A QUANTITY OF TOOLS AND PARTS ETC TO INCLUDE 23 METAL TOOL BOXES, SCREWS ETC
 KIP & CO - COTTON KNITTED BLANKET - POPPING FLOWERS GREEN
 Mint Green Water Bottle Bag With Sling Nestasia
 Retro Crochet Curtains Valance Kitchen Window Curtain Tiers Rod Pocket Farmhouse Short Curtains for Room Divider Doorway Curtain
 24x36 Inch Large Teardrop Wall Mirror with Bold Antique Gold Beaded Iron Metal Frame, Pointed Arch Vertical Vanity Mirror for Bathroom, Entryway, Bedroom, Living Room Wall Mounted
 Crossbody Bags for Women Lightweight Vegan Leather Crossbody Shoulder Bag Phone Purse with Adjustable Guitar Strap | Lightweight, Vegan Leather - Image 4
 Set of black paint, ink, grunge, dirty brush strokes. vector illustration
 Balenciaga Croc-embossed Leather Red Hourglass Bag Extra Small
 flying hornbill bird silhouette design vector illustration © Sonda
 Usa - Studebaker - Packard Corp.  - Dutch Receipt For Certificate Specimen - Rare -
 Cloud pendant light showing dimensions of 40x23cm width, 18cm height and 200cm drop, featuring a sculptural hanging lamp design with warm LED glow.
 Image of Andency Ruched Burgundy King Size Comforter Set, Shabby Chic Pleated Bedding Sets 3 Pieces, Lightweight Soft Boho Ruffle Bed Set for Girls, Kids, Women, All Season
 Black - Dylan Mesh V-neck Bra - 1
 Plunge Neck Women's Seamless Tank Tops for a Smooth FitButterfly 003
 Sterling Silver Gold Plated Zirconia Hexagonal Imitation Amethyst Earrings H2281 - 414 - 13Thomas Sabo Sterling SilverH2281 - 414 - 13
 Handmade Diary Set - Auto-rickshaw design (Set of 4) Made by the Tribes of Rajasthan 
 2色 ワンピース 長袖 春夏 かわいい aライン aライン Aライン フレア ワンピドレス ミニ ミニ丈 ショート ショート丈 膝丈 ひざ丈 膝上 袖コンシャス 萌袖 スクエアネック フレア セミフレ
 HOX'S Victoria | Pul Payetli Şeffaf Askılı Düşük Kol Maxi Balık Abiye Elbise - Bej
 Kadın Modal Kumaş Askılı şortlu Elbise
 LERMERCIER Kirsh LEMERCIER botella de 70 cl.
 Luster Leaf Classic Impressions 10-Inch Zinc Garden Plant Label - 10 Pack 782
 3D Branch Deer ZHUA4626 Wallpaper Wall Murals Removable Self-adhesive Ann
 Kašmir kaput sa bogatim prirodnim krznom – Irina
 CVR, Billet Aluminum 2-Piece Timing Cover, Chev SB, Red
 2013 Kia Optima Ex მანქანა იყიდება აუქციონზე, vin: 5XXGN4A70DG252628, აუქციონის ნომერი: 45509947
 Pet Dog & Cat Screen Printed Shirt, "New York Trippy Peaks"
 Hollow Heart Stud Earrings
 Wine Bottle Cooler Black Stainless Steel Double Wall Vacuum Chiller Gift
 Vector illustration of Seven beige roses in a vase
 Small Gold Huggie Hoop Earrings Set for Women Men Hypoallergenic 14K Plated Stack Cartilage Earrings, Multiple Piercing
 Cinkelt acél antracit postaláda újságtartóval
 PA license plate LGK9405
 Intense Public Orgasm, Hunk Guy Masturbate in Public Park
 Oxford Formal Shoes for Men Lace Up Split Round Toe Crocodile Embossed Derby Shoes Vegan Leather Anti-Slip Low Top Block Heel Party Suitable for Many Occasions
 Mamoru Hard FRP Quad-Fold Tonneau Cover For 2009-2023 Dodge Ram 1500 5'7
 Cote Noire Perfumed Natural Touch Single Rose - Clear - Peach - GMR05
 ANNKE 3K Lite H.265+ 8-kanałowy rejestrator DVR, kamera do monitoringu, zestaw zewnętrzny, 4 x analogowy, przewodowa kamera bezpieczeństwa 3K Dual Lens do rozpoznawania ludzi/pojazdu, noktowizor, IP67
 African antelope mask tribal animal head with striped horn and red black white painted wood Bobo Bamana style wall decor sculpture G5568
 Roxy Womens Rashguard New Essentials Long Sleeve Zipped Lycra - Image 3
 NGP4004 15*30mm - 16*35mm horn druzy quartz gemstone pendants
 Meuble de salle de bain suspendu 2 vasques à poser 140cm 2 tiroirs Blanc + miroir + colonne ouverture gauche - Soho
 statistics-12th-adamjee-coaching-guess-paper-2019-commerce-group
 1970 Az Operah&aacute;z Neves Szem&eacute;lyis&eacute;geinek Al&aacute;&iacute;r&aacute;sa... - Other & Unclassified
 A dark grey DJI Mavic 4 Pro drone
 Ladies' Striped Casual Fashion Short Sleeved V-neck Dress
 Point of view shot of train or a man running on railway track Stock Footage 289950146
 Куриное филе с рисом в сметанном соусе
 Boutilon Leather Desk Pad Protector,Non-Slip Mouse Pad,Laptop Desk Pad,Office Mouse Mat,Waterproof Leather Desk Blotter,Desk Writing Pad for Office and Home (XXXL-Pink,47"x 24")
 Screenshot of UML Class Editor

§ **About this task**:
Quote the listing above, but only from the line that shows "LERMERCIER Kirsh LEMERCIER botella de 70 cl." through the line that shows "Ladies' Striped Casual".

§ **Result**:
 LERMERCIER Kirsh LEMERCIER botella de 70 cl.
 Luster Leaf Classic Impressions 10-Inch Zinc Garden Plant Label - 10 Pack 782
 3D Branch Deer ZHUA4626 Wallpaper Wall Murals Removable Self-adhesive Ann
 Kašmir kaput sa bogatim prirodnim krznom – Irina
 CVR, Billet Aluminum 2-Piece Timing Cover, Chev SB, Red
 2013 Kia Optima Ex მანქანა იყიდება აუქციონზე, vin: 5XXGN4A70DG252628, აუქციონის ნომერი: 45509947
 Pet Dog & Cat Screen Printed Shirt, "New York Trippy Peaks"
 Hollow Heart Stud Earrings
 Wine Bottle Cooler Black Stainless Steel Double Wall Vacuum Chiller Gift
 Vector illustration of Seven beige roses in a vase
 Small Gold Huggie Hoop Earrings Set for Women Men Hypoallergenic 14K Plated Stack Cartilage Earrings, Multiple Piercing
 Cinkelt acél antracit postaláda újságtartóval
 PA license plate LGK9405
 Intense Public Orgasm, Hunk Guy Masturbate in Public Park
 Oxford Formal Shoes for Men Lace Up Split Round Toe Crocodile Embossed Derby Shoes Vegan Leather Anti-Slip Low Top Block Heel Party Suitable for Many Occasions
 Mamoru Hard FRP Quad-Fold Tonneau Cover For 2009-2023 Dodge Ram 1500 5'7
 Cote Noire Perfumed Natural Touch Single Rose - Clear - Peach - GMR05
 ANNKE 3K Lite H.265+ 8-kanałowy rejestrator DVR, kamera do monitoringu, zestaw zewnętrzny, 4 x analogowy, przewodowa kamera bezpieczeństwa 3K Dual Lens do rozpoznawania ludzi/pojazdu, noktowizor, IP67
 African antelope mask tribal animal head with striped horn and red black white painted wood Bobo Bamana style wall decor sculpture G5568
 Roxy Womens Rashguard New Essentials Long Sleeve Zipped Lycra - Image 3
 NGP4004 15*30mm - 16*35mm horn druzy quartz gemstone pendants
 Meuble de salle de bain suspendu 2 vasques à poser 140cm 2 tiroirs Blanc + miroir + colonne ouverture gauche - Soho
 statistics-12th-adamjee-coaching-guess-paper-2019-commerce-group
 1970 Az Operah&aacute;z Neves Szem&eacute;lyis&eacute;geinek Al&aacute;&iacute;r&aacute;sa... - Other & Unclassified
 A dark grey DJI Mavic 4 Pro drone
 Ladies' Striped Casual Fashion Short Sleeved V-neck Dress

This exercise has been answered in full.